Asymetric Information No 61, April 2018, p.6
David studied for a PPE (Philosophy, Politics and Economics) at the University of Oxford, graduating in 1968, before completing his PhD at the University of Bristol in 1971. Much of his early work focused on European integration, with the European Union still youthful; the UK had not yet joined when he completed his doctorate, let alone considered leaving.
His earliest listed paper is entitled ‘The changing price of butter’ (1974). It models the impact of changing quotas on price, thereby assessing the impact on the UK of the EU’s Common Agricultural Policy. In later papers he examined the effects of European integration on trade, the implications of closer European integration on Australia and New Zealand, and the burgeoning rational expectations revolution, among many other topics. He is particularly remembered in New Zealand for his 1986 address at the NZIER AGM, Changes, which warned, appositely at the time of major economic liberalisation, that it was easier to close down businesses than to start them up.

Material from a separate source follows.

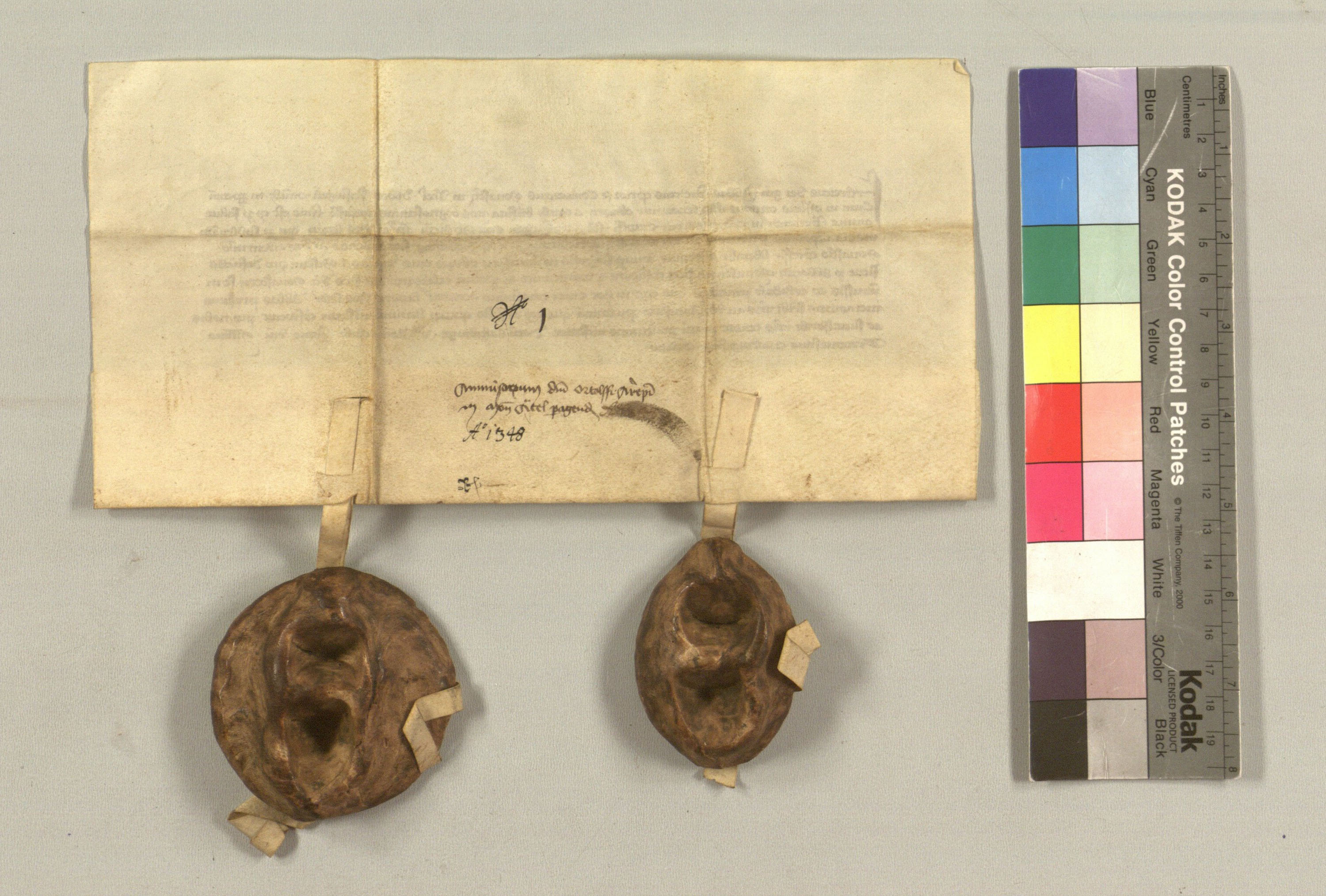 HHSTA_Salzburg_1348_10_03v.jpg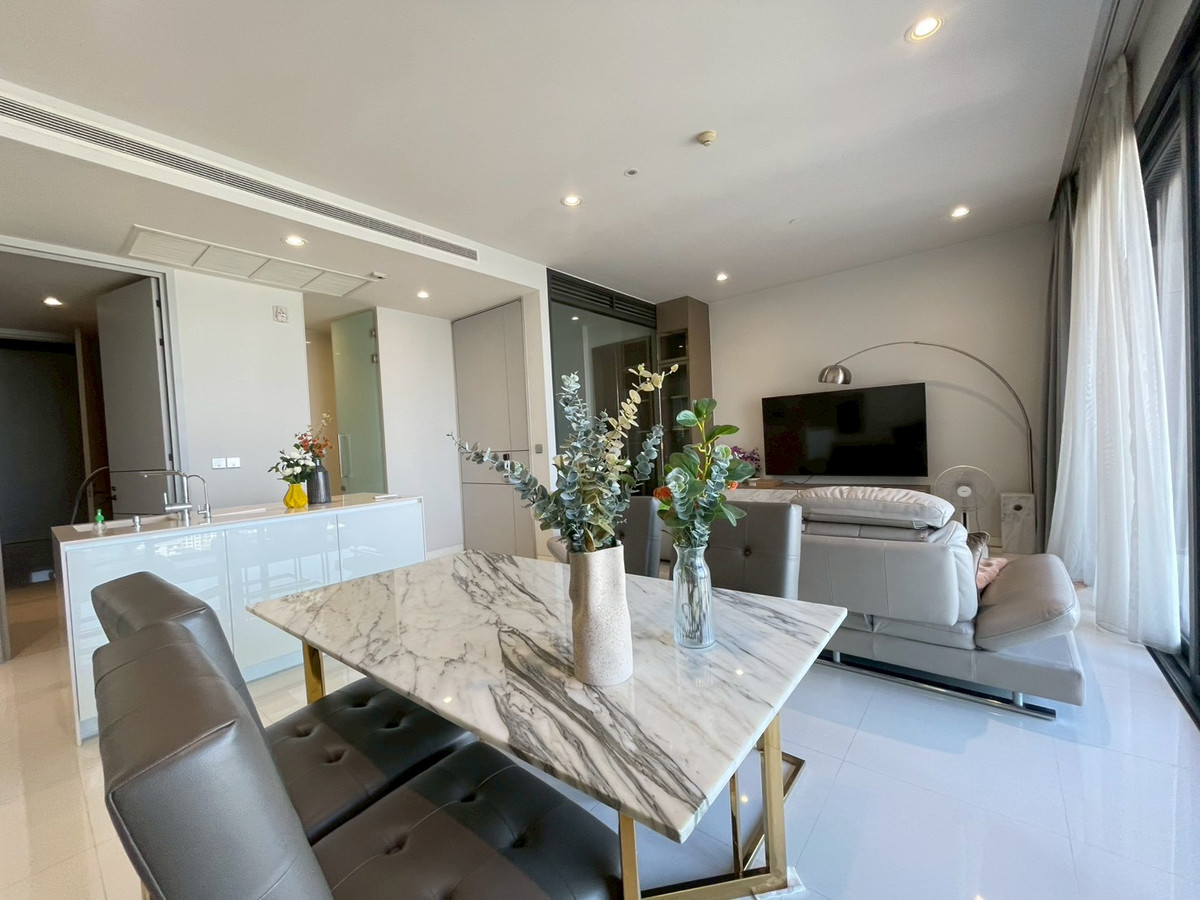 For RentCondoSukhumvit, Asoke, Thonglor : Vittorio Sukhumvit 39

During the 1980s Mayes worked at the University of Exeter, the NIESR in London and the now-defunct British National Economic Development Office. He was a visiting fellow at the University of Otago and was at the NZIER in 1985-6, including briefly being its director, before returning to NEDO After stints at the Centre for European Policy Studies in Brussels and a return to the NIESR, he became chief economist of the RBNZ in 1994, serving until 1997 before taking up the position of Advisor to the Bank of Finland’s Board in 1997-2008
A spell as a Visiting Professor at the University of Auckland, 2006-7, led to the position of BNZ Professor of Finance University of Auckland, as well as director of its Europe Institute and co-director of its NZ Governance Centre. There he taught at all levels, from undergraduate to post-doctoral, seeing many PhD candidates successfully through their studies. Following his death he received some warm tributes from his former doctoral students.
At times he held positions in many other research and academic institutions including adjunct chairs at the Universities of Canterbury and Waikato.
David’s most recent work, authored in the wake of the financial crisis, focused on designing effective banking regulation, including bail-in, deposit insurance, and other aspects of resolution frameworks. He was a prolific writer of academic works: papers, articles, book chapters, reports and books.
David Mayes died following being diagnosed with cancer just a few weeks earlier; he suffered a stroke from which he did not recover. His funeral was held close to his home on Waiheke Island.